The required output is the exact run of lines in the listing below from the line holding "VINTAGE NIKE T-SHIRT LOGO 90S L 7.1" through the line holding "PORCELANOSA Mosaico Star", with no pictures.
BEGIN Records for the task
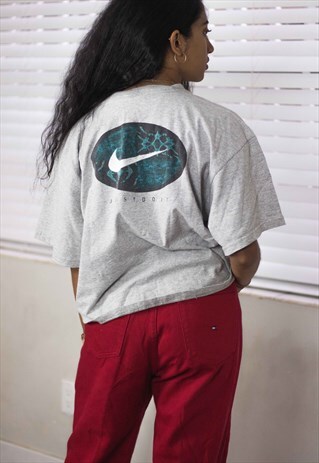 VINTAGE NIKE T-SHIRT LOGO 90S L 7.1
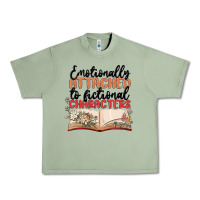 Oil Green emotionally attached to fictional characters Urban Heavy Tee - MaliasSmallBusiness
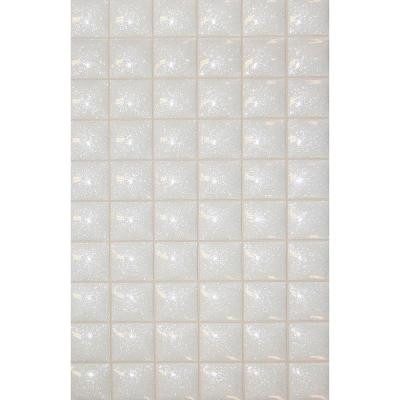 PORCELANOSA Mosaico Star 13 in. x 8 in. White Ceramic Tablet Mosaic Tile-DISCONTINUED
END Records for the task
BEGIN Records for the task
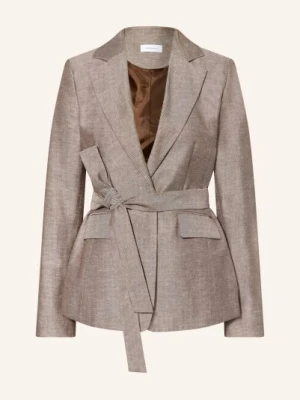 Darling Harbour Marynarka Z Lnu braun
END Records for the task
* **Answer**:
 VINTAGE NIKE T-SHIRT LOGO 90S L 7.1
 Oil Green emotionally attached to fictional characters Urban Heavy Tee - MaliasSmallBusiness
 PORCELANOSA Mosaico Star 13 in. x 8 in. White Ceramic Tablet Mosaic Tile-DISCONTINUED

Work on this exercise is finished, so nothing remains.